This thesis examines how architectural designs, real estate processes and media language combine to produce narratives that define the private house primarily as a commodity. These narratives stem from an examination of the language used to express the Auckland housing crisis that came to a head in 2017 when the city's median house price reached ten times the city's median household income.
Whether for use as a residence or as a means to generate income, the underlying narrative in the public discussion on housing perceives that the primary function of a domestic property is the accumulation of wealth as opposed to shelter, security, privacy, agency and other vital aspects of dwelling and homeownership.
Many of these issues are exemplified at McLennan, a new suburban housing development in Takanini, on Auckland's southern rural boundary. Marketed to first-time homebuyers as a means to initiate their journey on the 'property ladder', at McLennan the pressure of high land prices has seen the New Zealand ideal of a detached house on a plot of land scaled down to an 'affordable' size. Garages, master-bedrooms, en-suites and gardens are not disposed of. Instead, all facets of the suburban 'ranch-style' home are reduced to a minimum. In the context of extreme unaffordability, this thesis questions whether this is appropriate or desirable, and imagines an alternative solution for a block at McLennan.

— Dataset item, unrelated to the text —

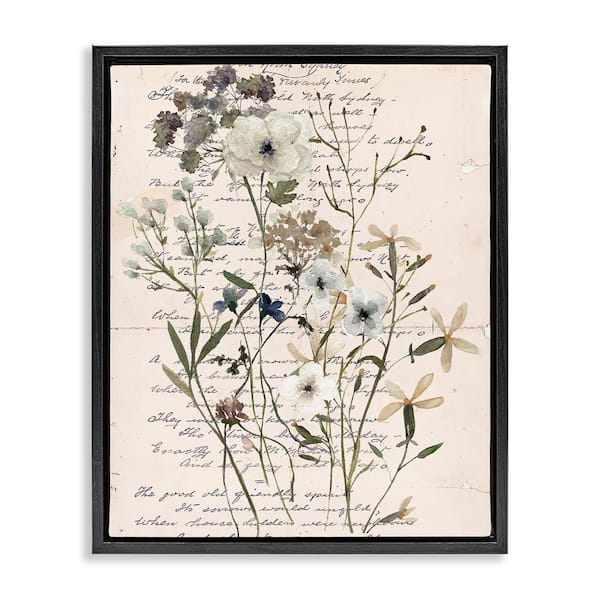 Vintage Pressed Flowers by Carol Robinson Black Floater Frame Nature Graphic Art Print 21 in. x 17 in.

The speculative design investigates the possibilities that emerge when the 'house' is not assumed as a singular, detached object in which to home a nuclear family. Drawing on analysis of higher density precedent projects, and accepting the situation where the house is indeed an asset, housing in this project is re-conceived as a more flexible infrastructure. This concept of housing seeks and supports more variable familial structures, more contemporary relationships between home and work and the provision of 'third spaces' that encompass ideas of a sharing economy: from the ability to sublet a room through Airbnb to shared laundries and gardening tools. The project is designed around the belief that if a domestic property is going to cost ten times the average median income, its design must ensure flexible inhabitation and support alternative ways of increasing equity.